Fig. 2: The TIR assembly is essential for NADase activity. | Cell Research

Fig. 2: The TIR assembly is essential for NADase activity.

From: Structural insights into mechanisms of Argonaute protein-associated NADase activation in bacterial immunity

Fig. 2: The TIR assembly is essential for NADase activity.

a The tetramerization of TIR domains. The four TIR-APAZ/Ago units (A/A’/B/B’) are colored in purple, orange, slate, and wheat, respectively. The lower panel shows the intrastrand (green box) and interstrand (black box) contacts formed by TIR domains. The flipped-out BB-loops (purple and orange) may indicate an active state. b Detailed insights into the intrastrand interactions. Key interacting residues are shown in stick representation. c Detailed insights into the interstrand interactions. Key interacting residues are shown in stick representation. d Native PAGE of the wild-type (WT) and mutant TIR-APAZ/Ago complexes.
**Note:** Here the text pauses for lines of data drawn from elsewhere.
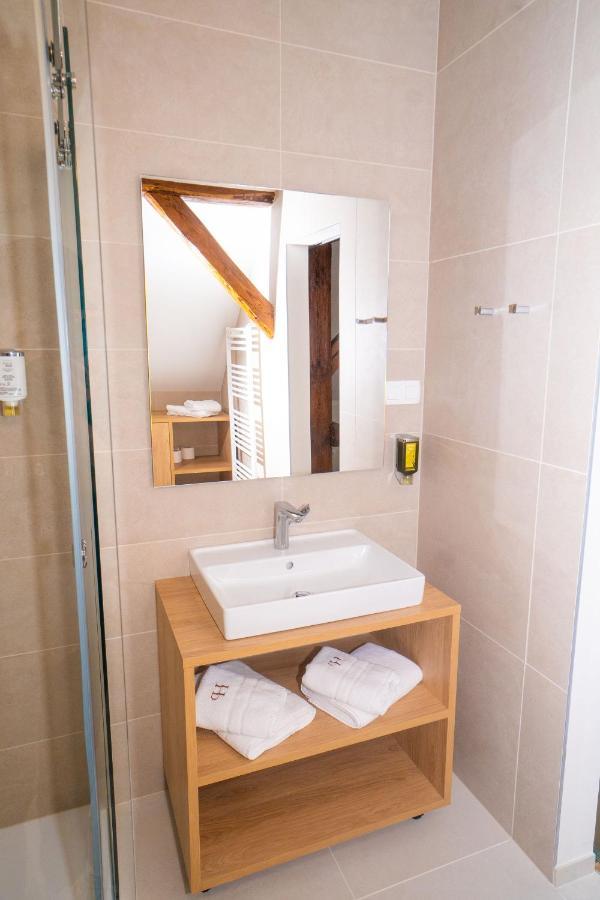 Hisa Pep'S Bed & Breakfast Ivanjkovci Екстериор снимка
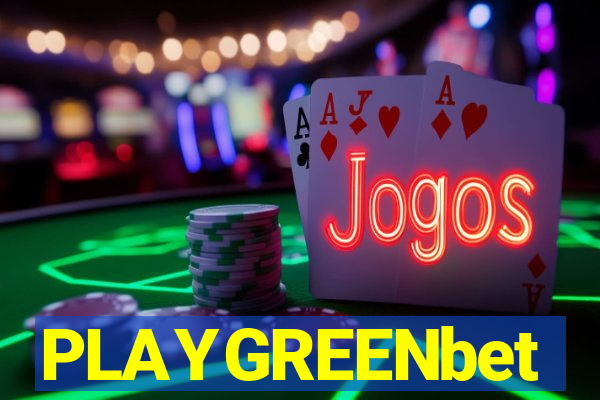 PLAYGREENbet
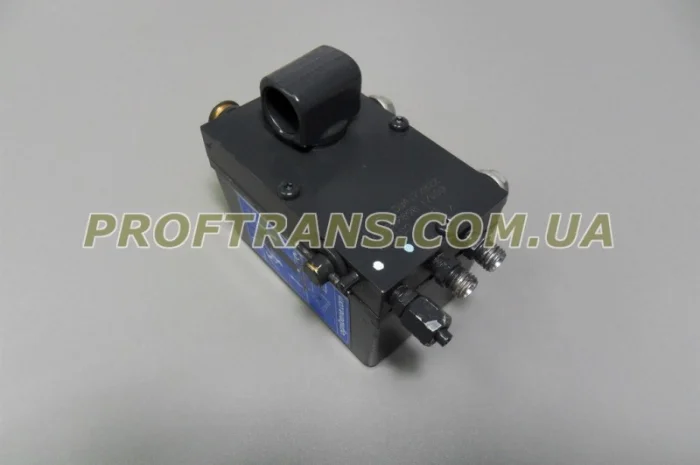 504172822 насос подъема кабины Iveco Eurocargo Ивеко Еврокарго ОРИГИНАЛ НОВИЙ- фото № 2
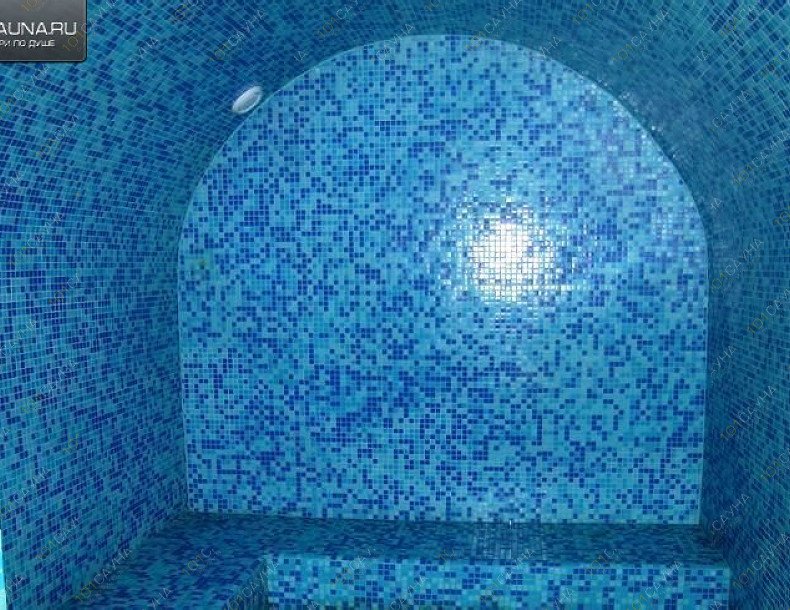 Сауна ШиКо, в Ижевске, Кирзаводская, 12 | Хамам. Фото: 13 | 101sauna.ru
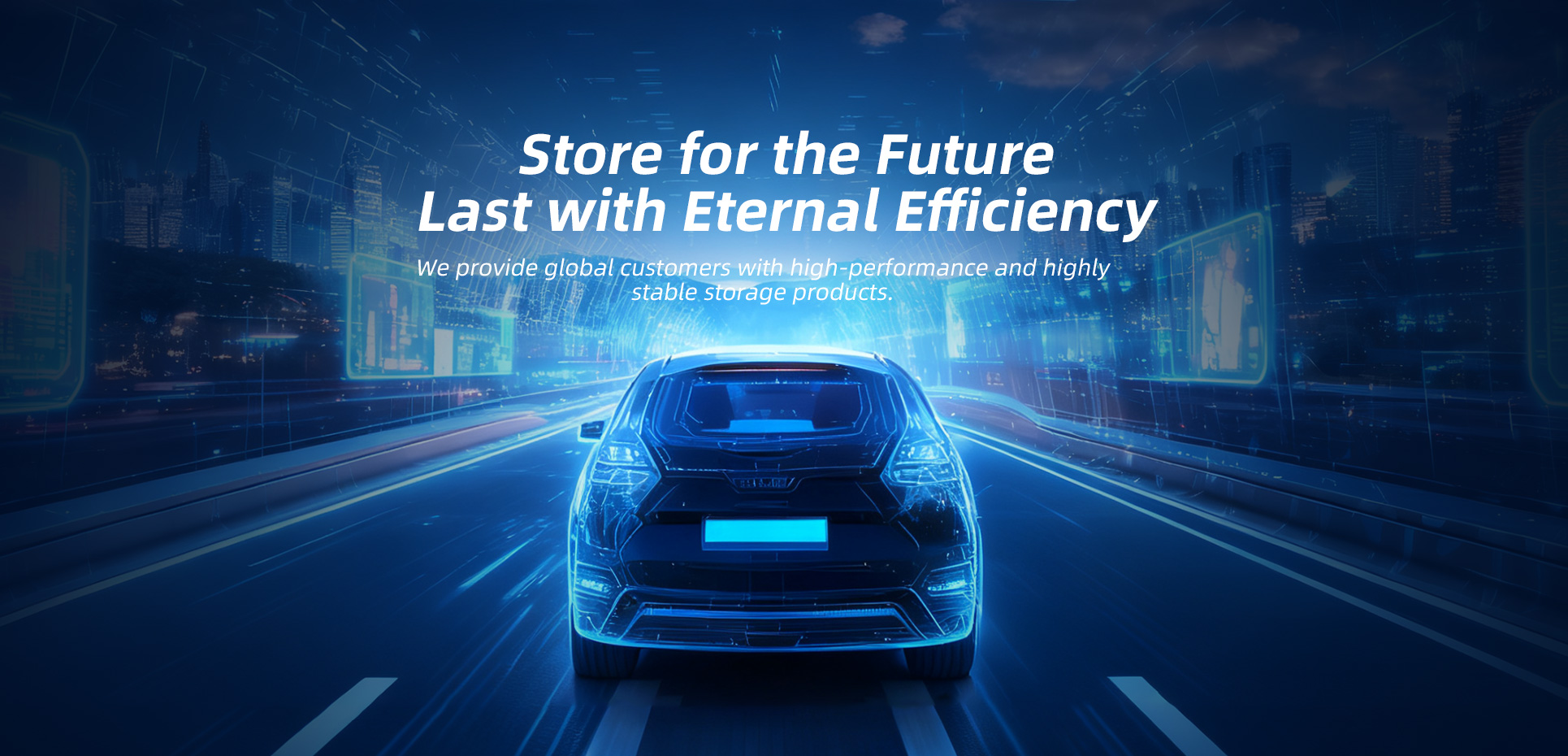 Shenzhen Yicun Semiconductor Co., Ltd.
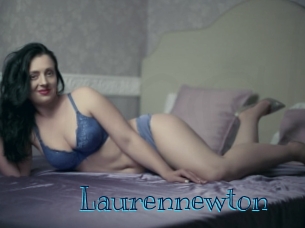 Laurennewton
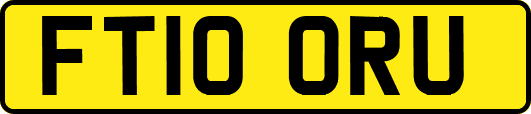 FT10ORU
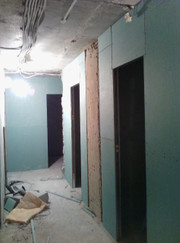 Бетонщик, инженер по водоснабжению и водоотведению Иван Кологривых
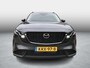 Mazda CX-5 2.5 E-SKYACTIV G 141 M HYBRID Exclusive-Line , Automaat, Half Leder, 360 Camera, Bose, Apple Carplay, CLima, Stuur/Stoelverwarming, HUD, Adap. Cuise, BSM, Licht/Regensensor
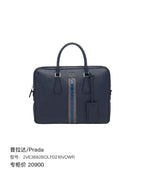 Prada Blue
The TIR-APAZ/Ago complex could form a higher-order assembly in the presence of target ssDNA compared to the TIR-APAZ/Ago–gRNA RNP complex. Key residues in the TIR assembly interface were mutated. e NAD+ hydrolysis by WT or mutant TIR-APAZ/Ago complexes. Mutations of the residues in the TIR assembly interface decreased NAD+ cleavage. The E77A catalytic mutant was used as a control. ɛ-NAD+ was used as the substrate. Fluorescence intensity (410 nm/310 nm) was measured. The columns are colored the same as the corresponding residues in b and c. All assays were performed in triplicate, and error bars represent the standard deviations. f Superposition of TIR domains in the four units of target DNA-bound TIR-APAZ/Ago complex (the same color scheme as in a is used) and in the TIR-APAZ/Ago–gRNA RNP complex (white). g Structural comparison of the TIR domains (purple and slate) in TIR-APAZ/Ago–gRNA–ssDNA quaternary complex and the 1AD-bound TIR domains (white and gray) in human SARM1 (PDB ID: 7NAK). 1AD (cyan), the inhibitor of SARM1, has a chemical structure similar to NAD+. Residues in the substrate-binding pocket are shown in stick representation. h In vitro NAD+ degradation assays of WT or mutant TIR-APAZ/Ago protein complexes. Mutations of the residues in the putative substrate-binding pocket substantially weakened or abolished NAD+ consumption. The columns are colored the same as the corresponding residues in g. All assays were performed in triplicate, and error bars represent the standard deviations.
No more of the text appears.